@InternalCoroutinesApi
    override fun isDispatchNeeded(context: CoroutineContext): Boolean {
        if (Bukkit.isPrimaryThread()) return false

        // Check if the primary server thread is blocked during the execution of this coroutine.
        // If it is, using the Bukkit scheduler would cause a deadlock, as scheduled tasks
        // are executed at the end of the tick, which requires the server thread to be running.

        // To detect whether the server thread is blocked, we traverse the hierarchy of Jobs upwards
        // to check if there's a coroutine running in a [runBlocking] context.
        // If so, we don't dispatch, causing the action to be executed on the current thread.
        // As the primary thread is locked, this has no thread-safety implications with regards to
        // the Bukkit API.
        // However, Bukkit methods that check whether they're performed on the server thread,
        // such as spawning an entity, will fail exceptionally - if this becomes an issue,
        // we can move the [isDispatchNeeded] logic into [dispatch], toggling a global flag while
        // directly executing the runnable, and patch the server software to respect this flag
        // during those checks.

        var job: Job? = context[Job]
        while (job != null) {
            if (job.javaClass == blockingCoroutineClass) {
                // we found a coroutine spawned via runBlocking - check whether it blocks the
                // primary server thread using the same logic as [CraftServer.isPrimaryThread]
                val blockedThread = Reflect.on(job).field("blockedThread").get<Thread>()
                if (blockedThread == MinecraftServer.getServer().serverThread ||
                    blockedThread == MinecraftServer.getServer().shutdownThread ||
                    blockedThread is TickThread) {
                    return false
                }
            }

            if (AbstractCoroutine::class.java.isAssignableFrom(job.javaClass)) {
                // traverse context hierarchy upwards
                job = Reflect.on(job).field("parentContext").get<CoroutineContext>()[Job]
            } else {
                throw UnsupportedOperationException("Can't handle jobs of type ${job.javaClass}")
            }
        }

        return true
    }

it’s not beautiful, but it worked - until I just updated to kotlinx.coroutines 1.5.0, which removes the field

AbstractCoroutine.parentContext

in this commit.
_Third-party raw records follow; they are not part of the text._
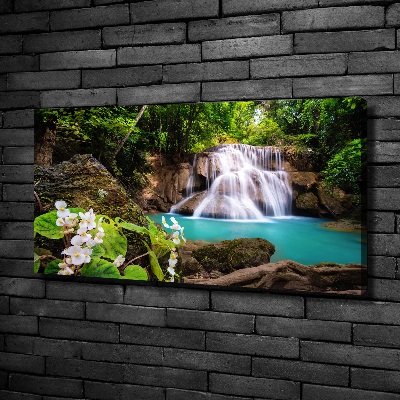 Quadro su tela Cascata in Thailandia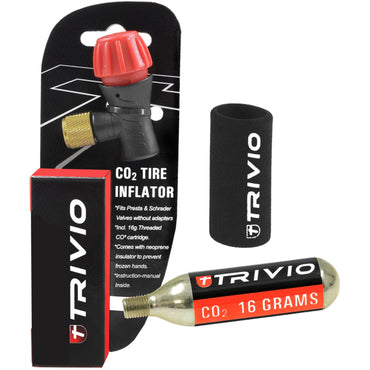 3 Stuks Bundeldeal Trivio - CO2 Adapter + CO2 Patroon 16 gram + Neoprene Huls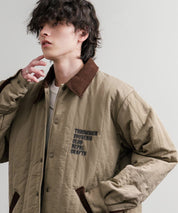 KRIFF MAYER クリフメイヤー スーベニア刺繍キルトコーチジャケット/ナイロンキルティングブルゾン 2515104 14884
Now my question is: is there still a way to hackily derive the parent

Job

from a coroutine? Or even better - is there a proper solution to this issue that doesn’t require messing with coroutine internals at all? any help is appreciated 😊

I think the proper solution is “don’t use runBlocking”. This sounds like one of the issues discussed in this blog.
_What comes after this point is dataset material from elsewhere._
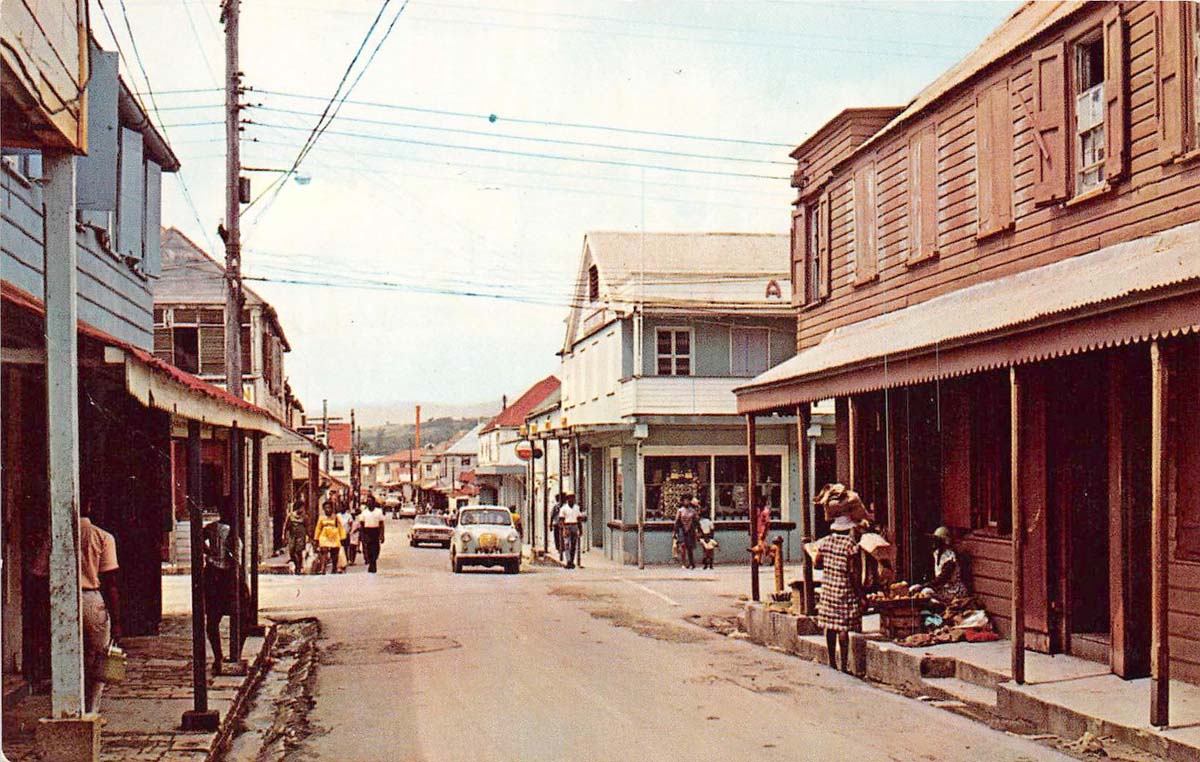 St. John's. Panorama of town street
Is it necessarily the case you can't schedule actions meant to be run on the server thread from another thread? Conceptually, runBlocking is meant to block the thread in question, so the result seems not unexpected. Keeping the code close to as it is, you could do something like

val result = async(<http://Dispatchers.IO|Dispatchers.IO>) { /* some I/O operations */ }

and then synchronously wait for the result to be set, which would mean you don't need the continuation to be scheduled. Which is fine, since you've already established you want to block the one and only server thread in this function. Which feels hacky to me, so I'm looking forward to people that know more chiming in 🙂

yes, sth like

future(<http://Dispatchers.IO|Dispatchers.IO>) { …}.join()

to do that via CompletableFuture

I’m not sure I understand - wouldn’t your example still block the main server thread when calling

join()

on that thread, therefore deadlocking when switching to the server thread inside the

async

call?

ah, I see what you mean. Yes, you need a way for bits of main-thread work to be dispatched while waiting for it to happen. I think that using runBlocking, which effectively creates its own event loop for the interim, is hard going. Can you change the approach for startup so that it isn’t based on blocking functions? I know we have apps that have lifecycle hooks so that they can perform startup actions and eventually announce that startup is complete- concepts like “the current configuration” could be made available through some sort of lazy-load?